From the hood of her car, Fatin nods, humming silently. Her head has been resting on her knees for a while now, eyes wandering around her. She likes this hill, likes the parking spot that’s always unoccupied, it offers a nice view of the town below, and if she squints her eyes hard enough, she can even see the ocean: – And what about you, Dorothy? – She asks, turning her brown eyes to the screen, a sea of uneasiness now washed away.
There is no more fog around them, Dot can see clearly through them, through the calm rhythm of Fatin’s breathing, and she knows this is her opening: – Well… – She smirks, cheeky. – Considering my main activity pre-Island was selling drugs, I think maybe I’m glad I haven’t gone back to it yet.
Fatin snorts, smile overcoming the fabricated smirk of before: – Are you telling me I won’t have a personal dealer on speed dial, Dorothy?
And Dot is laughing now, the cigarette she had tucked behind her ear falling disgracefully on her shoulder: – Sorry to disappoint, princess.
– Then what on Earth are you using all that storage space for!? – Fatin stands up, tall on the hood and spinning around, Dot can see everything around her, even in the dark. – ‘Cause it just looks gayer if it’s empty, you know that, right?
Dot exhales, faking exasperation, hiding the insurmountable amount of relief she actually feels: – And she’s back, ladies and gentlemen!
Fatin chuckles, exaggerates a curtsy, murmurs something unintelligible, then she stops moving, gets off of the car and shoots a sincere look at her best friend: – Thank you.
– Anytime. – Dot nods. And it’s true: she won’t be able to rest if she’s not completely certain that Fatin knows she can reach out, that she knows she’s not a burden, that she’s aware she’s not entirely alone. – You’ll text me once you’re in bed?
– Yes. – And to that Fatin gets back behind the wheel, rolls her eyes, but gives in easily anyway. – Goodnight, Dorothy.
– Night Fatin.
The call closes and Dot remains on her bed with just the lamplight sending shadows against the almost entirely bare walls of her room. But there is a lingering gloom in her mind, it’s a buzzing feeling that doesn’t leave her alone: Fatin’s not well. She’s the one that’s worst-off out of all of them; including Rachel and Martha. Including Leah. And Dot doesn’t know what to do. She rolls the cigarette in her hand, pensive. She doesn’t even smoke that much anymore, the Island kicked the habit for her, whether she wanted it or not; but she enjoys always having a cigarette around, to play with and to take the tobacco’s smell in. And she’s aware it sounds like some bullshit from The Faults in Our Stars, but she doesn’t particularly cares. Chewing on unburnt cigarettes calms her, so that’s it.

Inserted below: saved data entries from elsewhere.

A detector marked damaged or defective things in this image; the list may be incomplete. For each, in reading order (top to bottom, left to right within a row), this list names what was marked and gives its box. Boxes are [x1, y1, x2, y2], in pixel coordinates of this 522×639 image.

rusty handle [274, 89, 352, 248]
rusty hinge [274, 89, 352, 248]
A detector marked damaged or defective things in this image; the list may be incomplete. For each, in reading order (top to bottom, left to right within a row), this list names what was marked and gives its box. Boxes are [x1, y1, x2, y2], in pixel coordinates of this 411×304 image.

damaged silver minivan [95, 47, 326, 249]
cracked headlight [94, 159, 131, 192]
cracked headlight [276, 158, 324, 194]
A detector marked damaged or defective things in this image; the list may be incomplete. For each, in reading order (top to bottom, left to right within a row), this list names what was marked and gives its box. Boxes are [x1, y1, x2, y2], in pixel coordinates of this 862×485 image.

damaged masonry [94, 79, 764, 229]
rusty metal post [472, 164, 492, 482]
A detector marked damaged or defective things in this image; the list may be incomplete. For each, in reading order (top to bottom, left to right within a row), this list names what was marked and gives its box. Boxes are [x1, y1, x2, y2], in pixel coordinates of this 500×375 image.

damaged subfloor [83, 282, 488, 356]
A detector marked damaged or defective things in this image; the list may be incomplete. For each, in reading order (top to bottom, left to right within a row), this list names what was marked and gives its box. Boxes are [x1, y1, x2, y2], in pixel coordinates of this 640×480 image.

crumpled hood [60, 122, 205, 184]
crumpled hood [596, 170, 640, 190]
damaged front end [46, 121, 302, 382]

A not-so-bald head appears on Dorothy’s door, lingering in uncertainty, waiting for a formal invitation, one that Shelby knows full well won’t come: if the door is open, she’s always welcome. But some of Shelby’s old habits seem harder to kick and at Dot’s raised eyebrow the blonde surrenders, going to sit at the foot of the bed, offering a cup of water to her friend: – How’s she doin’?
Since they came back, for some stupid reason, Shelby’s accent has gotten more intense, and Dot is not sure how to take that development: – Not well. – She huffs, forgetting the cigarette and grabbing the glass. – She’s having all these small breakdowns she doesn’t know how to handle and doesn’t even recognise. – She drinks the water in one gulp, puts the glass on her bedside table and turns back to Shelby, blue-eyed, spirit-always-high Shelby, and smiles sadly. – And she’s not processing a thing. At all. Not the Island, not the fact that we’re back, not all of this mess…

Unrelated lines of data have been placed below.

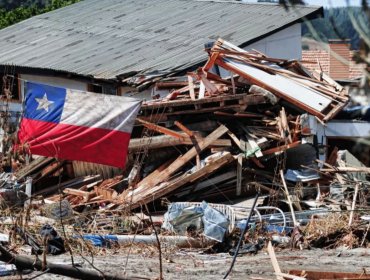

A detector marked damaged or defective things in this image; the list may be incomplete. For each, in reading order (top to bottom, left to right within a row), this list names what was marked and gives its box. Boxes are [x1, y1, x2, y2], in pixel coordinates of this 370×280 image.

splintered wood plank [141, 124, 230, 188]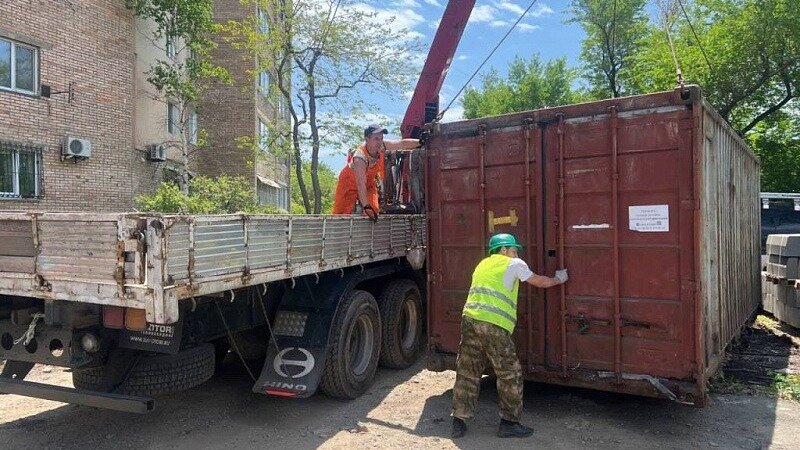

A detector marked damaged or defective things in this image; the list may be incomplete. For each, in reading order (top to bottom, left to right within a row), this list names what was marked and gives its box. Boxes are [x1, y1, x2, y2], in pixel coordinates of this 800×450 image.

rusty red container [422, 87, 760, 404]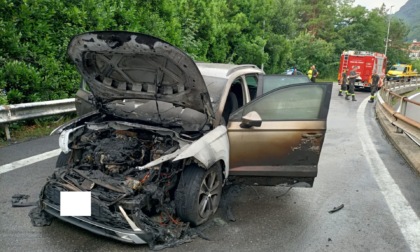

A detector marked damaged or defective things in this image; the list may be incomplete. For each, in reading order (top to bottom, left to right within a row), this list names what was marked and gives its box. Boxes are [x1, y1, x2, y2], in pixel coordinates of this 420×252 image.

crumpled hood [67, 31, 215, 118]
burnt paint on hood [68, 30, 215, 119]
charred engine bay [39, 124, 197, 248]
burnt engine compartment [42, 124, 194, 248]
damaged silver suv [34, 31, 332, 248]
damaged alloy wheel [175, 164, 223, 225]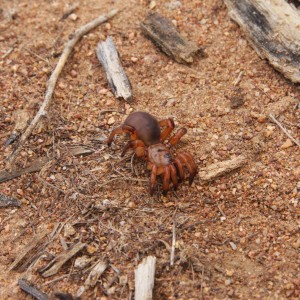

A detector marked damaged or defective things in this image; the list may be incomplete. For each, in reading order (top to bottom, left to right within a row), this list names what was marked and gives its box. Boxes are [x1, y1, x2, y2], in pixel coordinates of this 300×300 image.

broken wood piece [141, 12, 202, 63]
broken wood piece [225, 0, 300, 82]
broken wood piece [95, 36, 132, 101]
broken wood piece [6, 8, 119, 169]
broken wood piece [0, 157, 48, 183]
broken wood piece [199, 156, 246, 182]
broken wood piece [9, 231, 48, 270]
broken wood piece [18, 278, 48, 300]
broken wood piece [40, 241, 85, 276]
broken wood piece [84, 260, 108, 288]
broken wood piece [135, 255, 156, 300]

Shelby reaches ahead, squeezes her hand: – And with Leah gone, she’s alone.
– Wait. – Dot frowns. – How’d you know Leah’s not home?

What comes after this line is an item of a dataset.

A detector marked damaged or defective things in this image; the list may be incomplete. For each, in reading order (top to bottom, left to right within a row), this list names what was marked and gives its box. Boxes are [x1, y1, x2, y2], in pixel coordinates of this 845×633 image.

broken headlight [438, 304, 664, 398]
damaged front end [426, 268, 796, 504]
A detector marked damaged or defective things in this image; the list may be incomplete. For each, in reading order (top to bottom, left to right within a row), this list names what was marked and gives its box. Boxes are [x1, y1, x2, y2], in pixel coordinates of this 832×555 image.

Shelby shrugs, nonchalantly: – Rachel told me. – And what follows really shouldn’t be as surprising as it is. – They text, I think. – But they both share a slightly incredulous look, right before recomposing themselves and going back to worrying.
When Shelby’s with her in her room, the world doesn’t feel so empty to Dorothy. Things don’t seem so unsurmountable. Dot will always say she’s glad the other girl’s here with her because her family is nasty; but the real reason is that she would have been so fucking alone without her. Just like Fatin is: – I’m worried about her.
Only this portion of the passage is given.